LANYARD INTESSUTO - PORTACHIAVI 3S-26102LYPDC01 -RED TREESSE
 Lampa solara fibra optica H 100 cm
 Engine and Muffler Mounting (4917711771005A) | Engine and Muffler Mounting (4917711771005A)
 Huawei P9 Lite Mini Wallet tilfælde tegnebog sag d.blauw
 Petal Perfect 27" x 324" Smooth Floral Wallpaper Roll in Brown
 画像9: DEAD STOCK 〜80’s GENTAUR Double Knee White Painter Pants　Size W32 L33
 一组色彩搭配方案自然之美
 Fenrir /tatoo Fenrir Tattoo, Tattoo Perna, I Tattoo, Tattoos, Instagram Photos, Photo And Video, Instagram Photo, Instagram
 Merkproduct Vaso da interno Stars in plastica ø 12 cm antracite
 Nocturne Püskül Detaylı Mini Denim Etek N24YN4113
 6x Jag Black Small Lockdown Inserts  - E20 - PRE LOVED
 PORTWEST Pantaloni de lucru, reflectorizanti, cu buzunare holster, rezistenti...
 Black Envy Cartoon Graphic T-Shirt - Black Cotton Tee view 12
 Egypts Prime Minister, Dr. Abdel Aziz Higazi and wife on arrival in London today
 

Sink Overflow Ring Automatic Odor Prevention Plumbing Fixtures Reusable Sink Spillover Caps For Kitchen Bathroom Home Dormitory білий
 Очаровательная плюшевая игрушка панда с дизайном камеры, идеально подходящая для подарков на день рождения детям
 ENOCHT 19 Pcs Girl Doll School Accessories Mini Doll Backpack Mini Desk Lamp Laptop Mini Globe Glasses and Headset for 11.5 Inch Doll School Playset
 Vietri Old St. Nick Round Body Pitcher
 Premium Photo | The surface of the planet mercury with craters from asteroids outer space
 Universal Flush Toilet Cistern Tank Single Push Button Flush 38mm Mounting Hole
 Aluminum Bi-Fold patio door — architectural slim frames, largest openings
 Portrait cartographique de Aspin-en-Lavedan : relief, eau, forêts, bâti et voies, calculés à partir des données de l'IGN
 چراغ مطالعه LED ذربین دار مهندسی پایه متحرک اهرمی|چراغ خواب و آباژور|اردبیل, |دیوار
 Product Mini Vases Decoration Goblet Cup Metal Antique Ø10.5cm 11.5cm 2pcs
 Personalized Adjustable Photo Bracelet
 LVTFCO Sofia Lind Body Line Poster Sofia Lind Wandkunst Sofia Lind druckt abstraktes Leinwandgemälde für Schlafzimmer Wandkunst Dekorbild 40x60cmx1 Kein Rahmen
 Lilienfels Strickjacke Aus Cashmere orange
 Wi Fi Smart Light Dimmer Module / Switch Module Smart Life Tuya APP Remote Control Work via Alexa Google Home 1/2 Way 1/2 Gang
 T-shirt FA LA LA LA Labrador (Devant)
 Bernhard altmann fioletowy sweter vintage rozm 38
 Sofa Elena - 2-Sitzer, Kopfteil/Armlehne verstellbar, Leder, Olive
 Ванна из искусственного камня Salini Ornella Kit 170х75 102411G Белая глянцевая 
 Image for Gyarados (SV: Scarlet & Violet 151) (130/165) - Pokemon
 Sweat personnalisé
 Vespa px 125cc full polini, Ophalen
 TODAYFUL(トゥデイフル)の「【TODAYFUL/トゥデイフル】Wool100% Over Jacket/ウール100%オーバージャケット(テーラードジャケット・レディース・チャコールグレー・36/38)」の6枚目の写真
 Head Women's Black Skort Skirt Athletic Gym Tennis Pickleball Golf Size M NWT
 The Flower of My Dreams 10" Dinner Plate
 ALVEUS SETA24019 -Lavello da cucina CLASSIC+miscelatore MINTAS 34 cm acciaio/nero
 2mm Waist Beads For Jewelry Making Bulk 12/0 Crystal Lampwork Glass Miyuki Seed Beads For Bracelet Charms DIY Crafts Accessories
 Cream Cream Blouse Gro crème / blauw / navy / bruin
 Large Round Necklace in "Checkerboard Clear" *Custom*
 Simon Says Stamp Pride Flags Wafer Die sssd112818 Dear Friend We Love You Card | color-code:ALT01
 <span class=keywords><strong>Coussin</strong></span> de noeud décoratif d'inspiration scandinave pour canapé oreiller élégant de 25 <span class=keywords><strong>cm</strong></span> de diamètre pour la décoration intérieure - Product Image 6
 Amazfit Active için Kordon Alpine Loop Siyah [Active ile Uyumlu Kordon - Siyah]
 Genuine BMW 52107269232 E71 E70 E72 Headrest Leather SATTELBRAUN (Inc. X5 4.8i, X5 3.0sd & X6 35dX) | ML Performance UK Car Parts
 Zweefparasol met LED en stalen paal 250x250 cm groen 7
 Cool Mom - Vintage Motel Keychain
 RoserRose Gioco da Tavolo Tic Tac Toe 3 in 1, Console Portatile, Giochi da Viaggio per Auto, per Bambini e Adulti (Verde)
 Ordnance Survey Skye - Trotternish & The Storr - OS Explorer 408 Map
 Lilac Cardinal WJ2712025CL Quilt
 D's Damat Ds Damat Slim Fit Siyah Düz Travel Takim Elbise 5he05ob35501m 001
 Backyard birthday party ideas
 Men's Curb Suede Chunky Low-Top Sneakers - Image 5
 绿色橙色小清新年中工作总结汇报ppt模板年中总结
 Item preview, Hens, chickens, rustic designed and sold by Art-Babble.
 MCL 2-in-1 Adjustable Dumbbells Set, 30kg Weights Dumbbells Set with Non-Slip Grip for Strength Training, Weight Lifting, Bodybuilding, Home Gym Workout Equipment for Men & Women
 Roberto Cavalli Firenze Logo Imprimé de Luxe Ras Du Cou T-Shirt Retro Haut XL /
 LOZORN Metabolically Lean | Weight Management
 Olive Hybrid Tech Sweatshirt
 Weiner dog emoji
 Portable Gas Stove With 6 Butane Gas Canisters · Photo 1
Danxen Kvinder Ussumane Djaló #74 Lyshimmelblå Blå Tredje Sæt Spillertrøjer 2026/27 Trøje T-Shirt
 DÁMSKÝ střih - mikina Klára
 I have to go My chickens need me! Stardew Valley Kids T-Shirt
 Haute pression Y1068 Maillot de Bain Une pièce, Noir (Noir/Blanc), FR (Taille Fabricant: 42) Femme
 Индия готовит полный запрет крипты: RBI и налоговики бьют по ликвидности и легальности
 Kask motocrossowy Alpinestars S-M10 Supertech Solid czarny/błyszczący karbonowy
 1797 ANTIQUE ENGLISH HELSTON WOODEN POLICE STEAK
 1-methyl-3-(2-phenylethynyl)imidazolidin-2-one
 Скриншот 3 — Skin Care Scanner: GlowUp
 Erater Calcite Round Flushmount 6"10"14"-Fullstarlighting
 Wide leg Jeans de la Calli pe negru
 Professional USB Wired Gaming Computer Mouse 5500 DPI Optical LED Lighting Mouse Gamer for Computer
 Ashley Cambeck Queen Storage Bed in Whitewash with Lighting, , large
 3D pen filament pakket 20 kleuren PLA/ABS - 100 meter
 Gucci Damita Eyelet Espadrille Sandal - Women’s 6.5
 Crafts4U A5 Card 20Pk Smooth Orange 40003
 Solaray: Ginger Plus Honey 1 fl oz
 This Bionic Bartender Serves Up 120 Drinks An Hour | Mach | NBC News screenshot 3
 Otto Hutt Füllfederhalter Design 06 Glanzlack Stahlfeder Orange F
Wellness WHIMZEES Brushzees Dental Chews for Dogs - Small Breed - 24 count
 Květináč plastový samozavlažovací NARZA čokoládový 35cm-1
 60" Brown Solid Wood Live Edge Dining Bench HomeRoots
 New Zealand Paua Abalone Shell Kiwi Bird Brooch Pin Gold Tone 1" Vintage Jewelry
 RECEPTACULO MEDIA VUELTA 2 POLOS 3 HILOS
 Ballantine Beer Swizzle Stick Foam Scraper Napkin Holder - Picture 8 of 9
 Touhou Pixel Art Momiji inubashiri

★ ★ ★ ★

TRY IT
Among the entries above, how many lines include the word "Brown"? Reply with the number only.

SOLUTION TO THE PROBLEM
2